- WHAT IS REQUIRED
Please return the records below exactly as they stand, with the pictures removed.
= Beginning of Section =
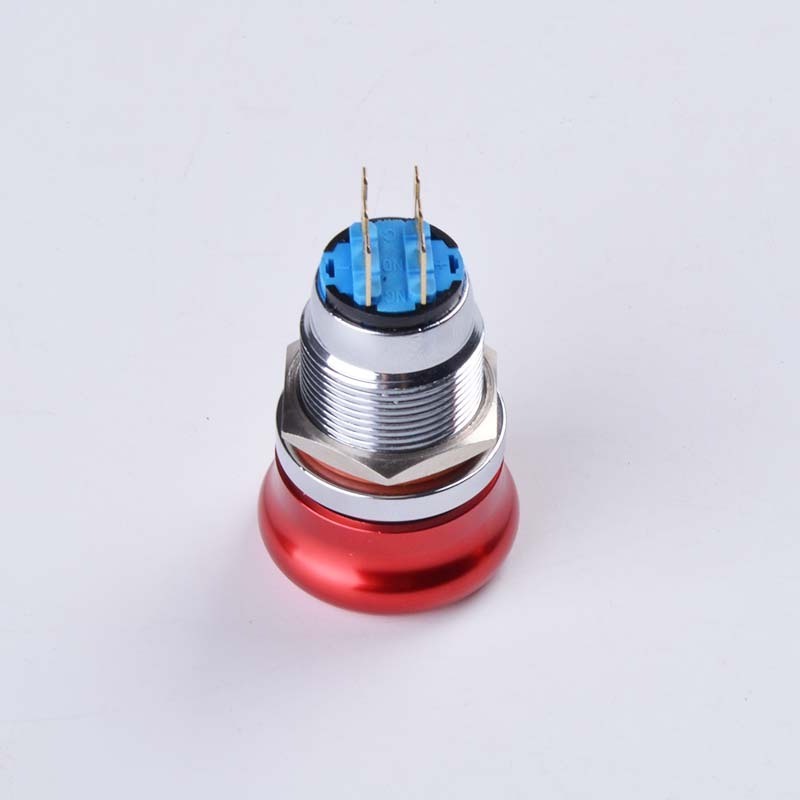 19mm Pattern 2NO 2NC Waterproof Stainless Steel mushroom Metal aluminum Latching Emergency STOP Push Button Switch Button Switch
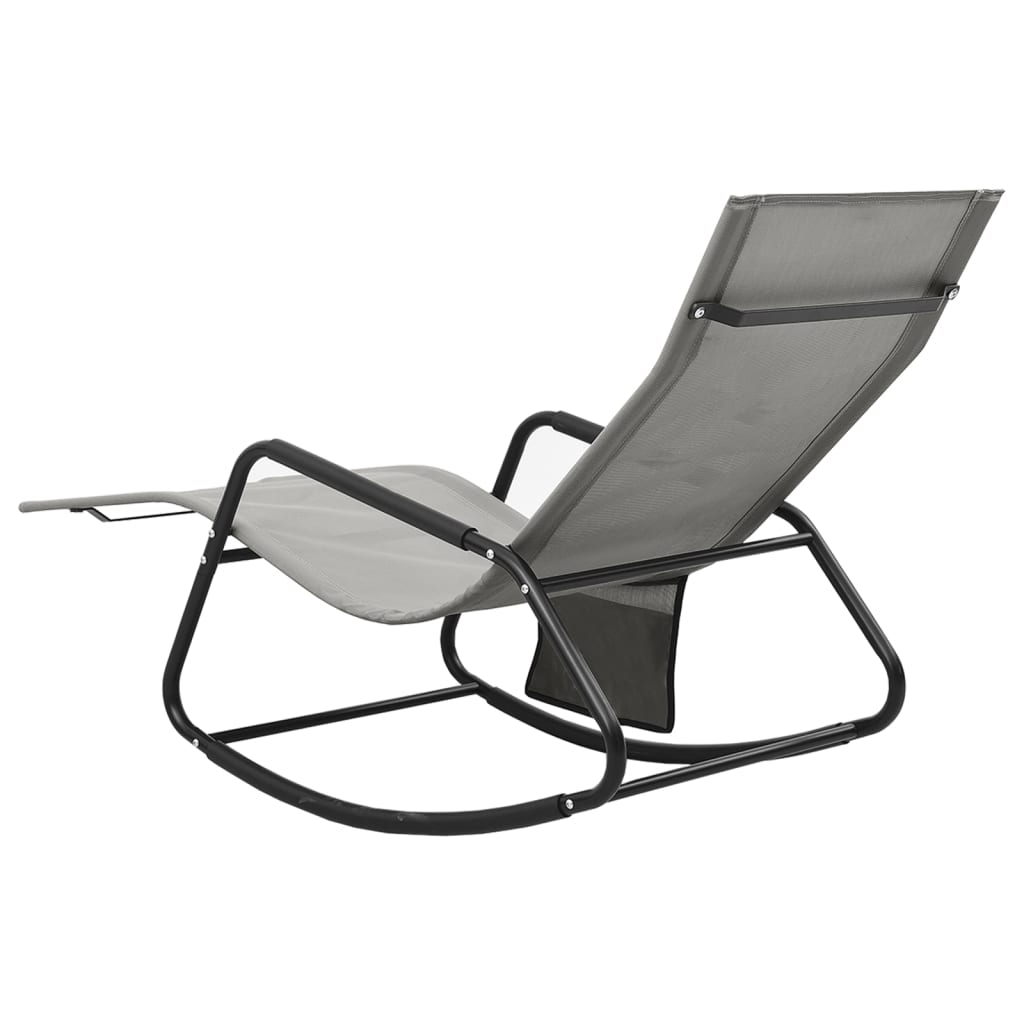 Sun Lounger Steel and Textilene Grey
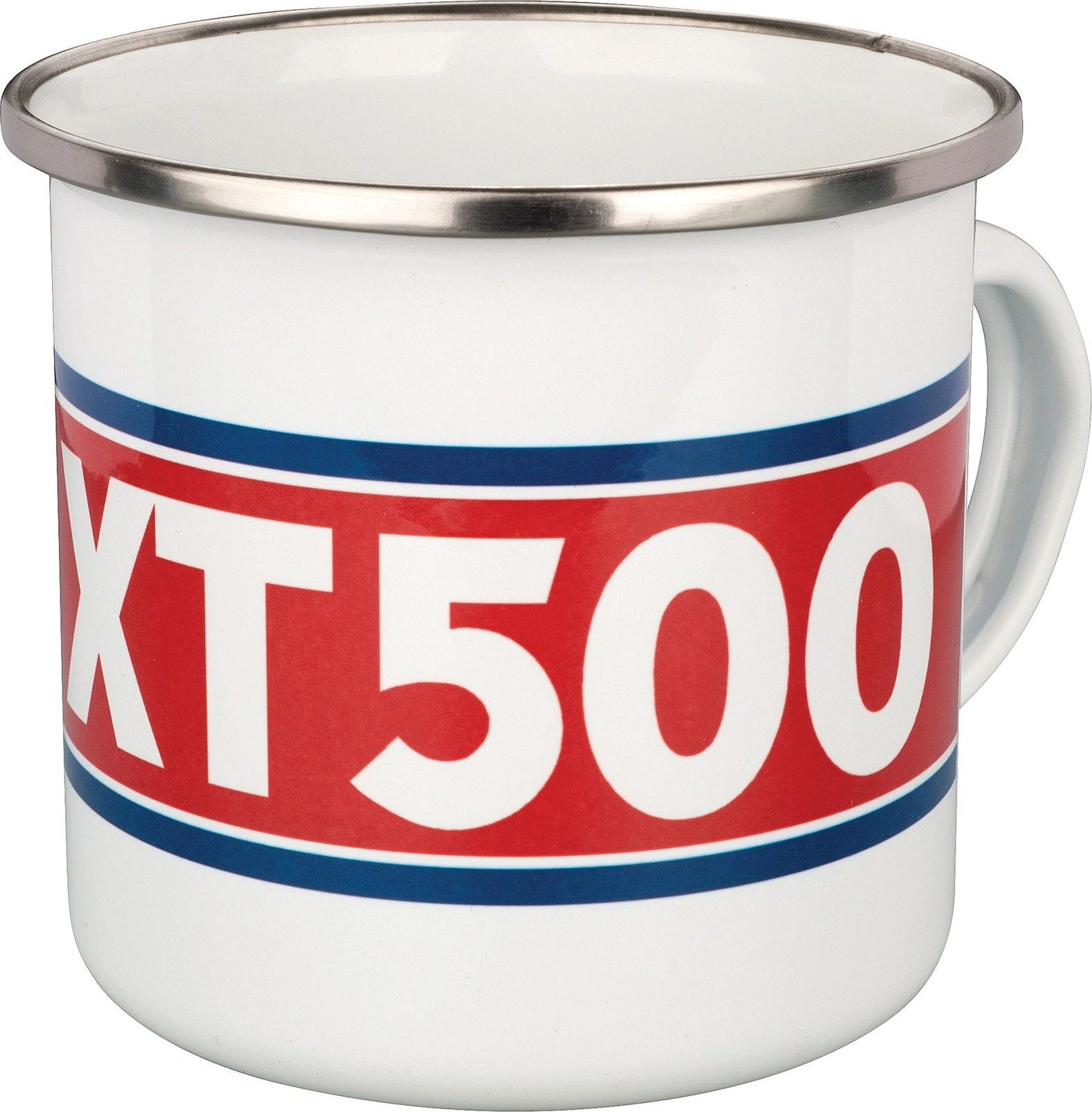 Nostalgia Mug 'XT500' - with XT500 and Tuning Fork Logo - Red/White/Blue in Gift Box - Enamel with Metal Rim - XT500 TT500 SR500 Universal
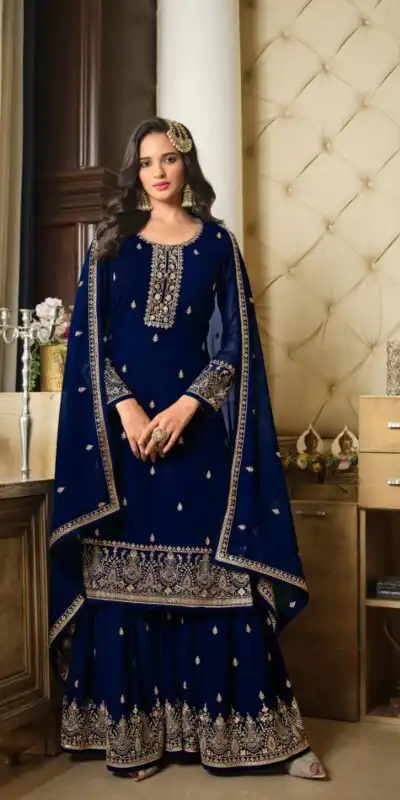 DS LT 8301 Blue color Georgette Embroidery Sequence Work Sharara Suit Wedding, Festive, Events Etc. Expected Delivery 4-6 Working Days @2149/- | Jump Suits, Salwar suit, Casual Suits, Creative suits, Designer Suits, Palazzo Suits, Party Wear Suits, Patiala Suits, Straight Suits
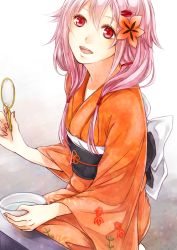 Rule 34 | 10s, 1girl, :d, goldfish scooping, guilty crown, hair ornament, hairclip, japanese clothes, kimono, long hair, looking at viewer, nail polish, open mouth, pink hair, poi (goldfish scoop), red eyes, smile, solo, twintails, yoma, yuzuriha inori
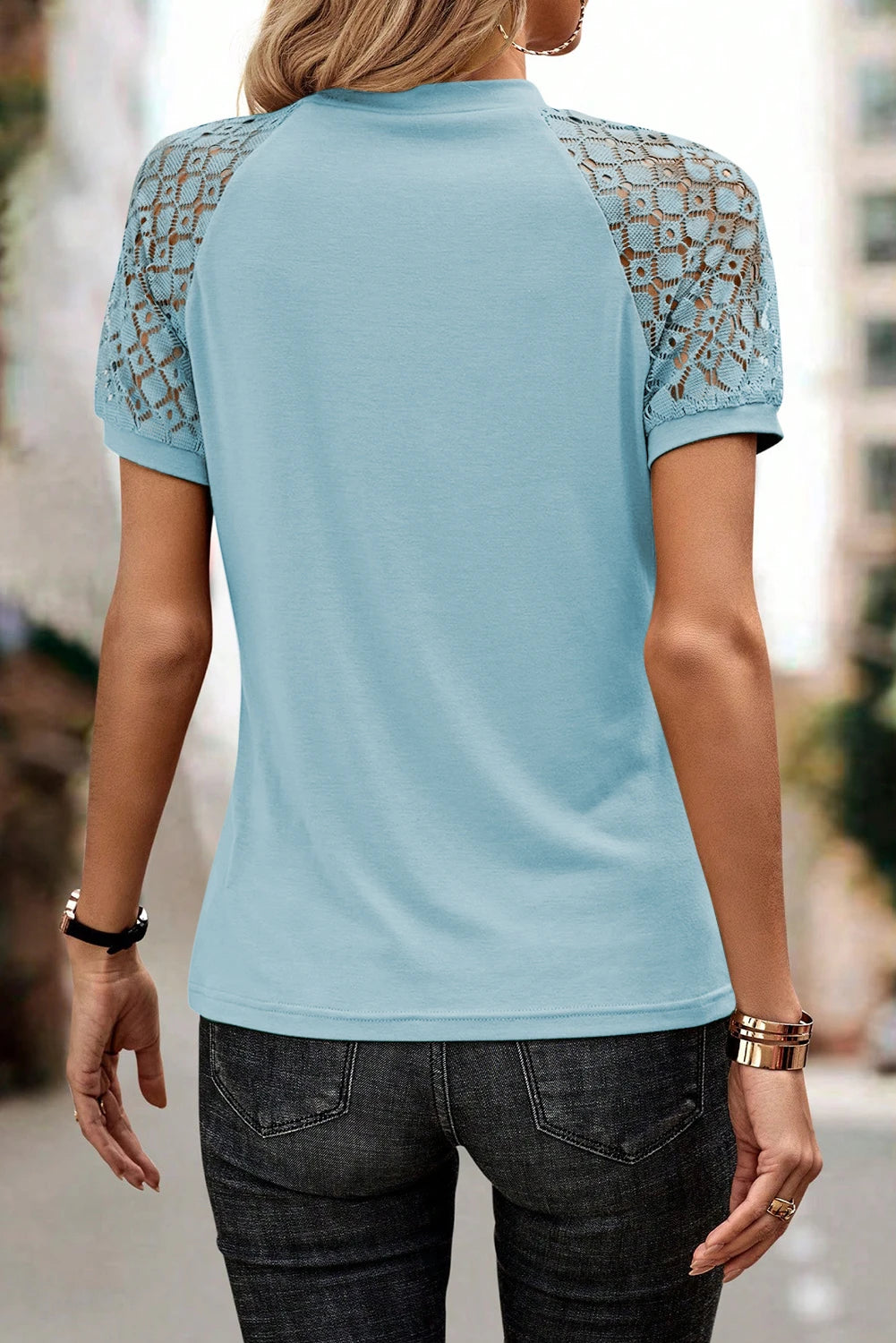 Seamed Detail Contrast Lace Raglan Sleeve Tee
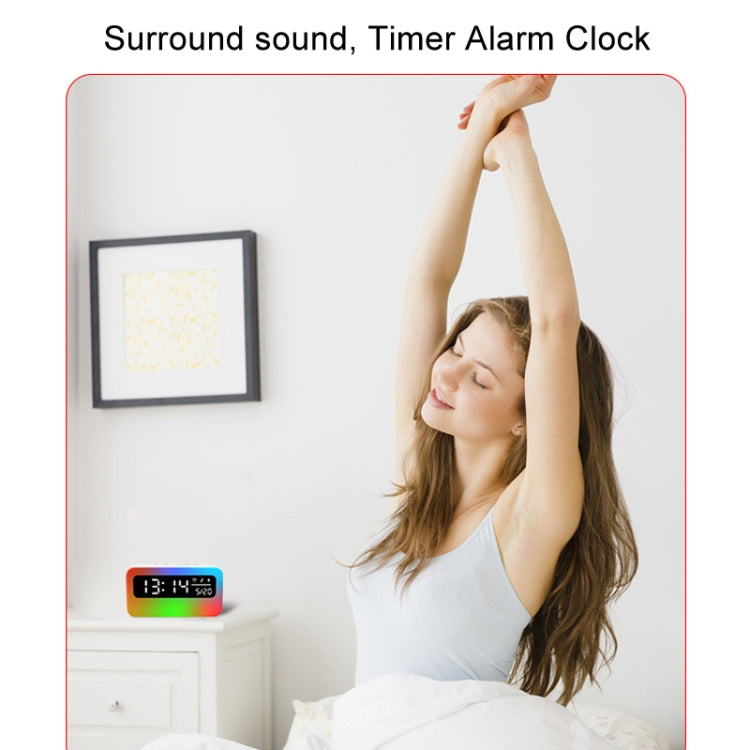JSK-L30 Bluetooth Speaker Atmosphere Alarm Clock Regularly Wake Up APP Smart Home Charging Night Light - White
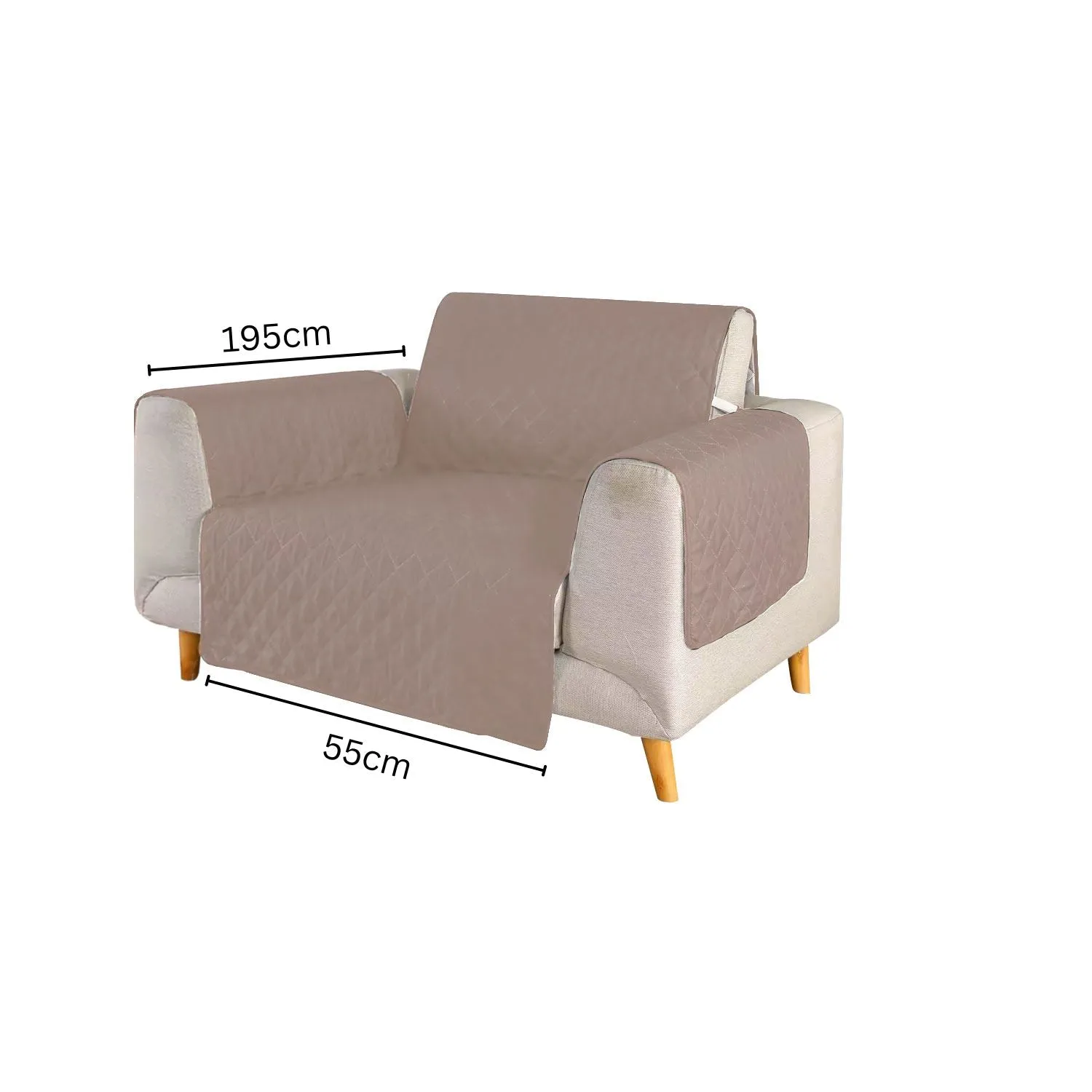 Non-Slip Quilted Pet Sofa Cover, 1 Seat, Khaki - Floofi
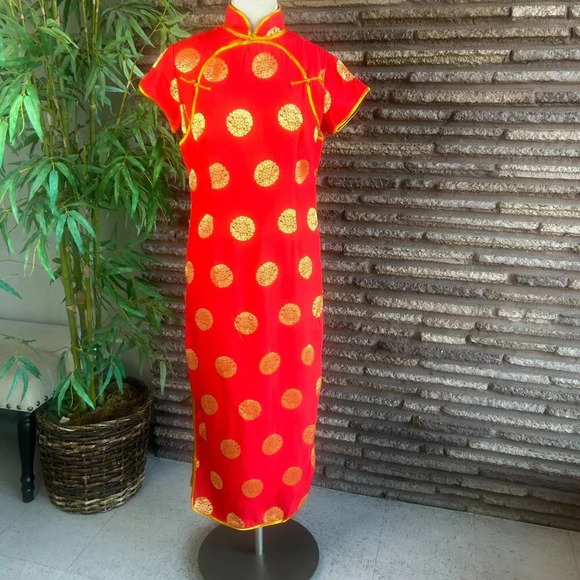 Chinese Vintage Red with Gold Traditional Cheongsam Qipao Maxi Dress - Picture 8 of 8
= End of Section =
- ANSWER TO THE EXERCISE
 19mm Pattern 2NO 2NC Waterproof Stainless Steel mushroom Metal aluminum Latching Emergency STOP Push Button Switch Button Switch
 Sun Lounger Steel and Textilene Grey
 Nostalgia Mug 'XT500' - with XT500 and Tuning Fork Logo - Red/White/Blue in Gift Box - Enamel with Metal Rim - XT500 TT500 SR500 Universal
 DS LT 8301 Blue color Georgette Embroidery Sequence Work Sharara Suit Wedding, Festive, Events Etc. Expected Delivery 4-6 Working Days @2149/- | Jump Suits, Salwar suit, Casual Suits, Creative suits, Designer Suits, Palazzo Suits, Party Wear Suits, Patiala Suits, Straight Suits
 Rule 34 | 10s, 1girl, :d, goldfish scooping, guilty crown, hair ornament, hairclip, japanese clothes, kimono, long hair, looking at viewer, nail polish, open mouth, pink hair, poi (goldfish scoop), red eyes, smile, solo, twintails, yoma, yuzuriha inori
 Seamed Detail Contrast Lace Raglan Sleeve Tee
JSK-L30 Bluetooth Speaker Atmosphere Alarm Clock Regularly Wake Up APP Smart Home Charging Night Light - White
 Non-Slip Quilted Pet Sofa Cover, 1 Seat, Khaki - Floofi
 Chinese Vintage Red with Gold Traditional Cheongsam Qipao Maxi Dress - Picture 8 of 8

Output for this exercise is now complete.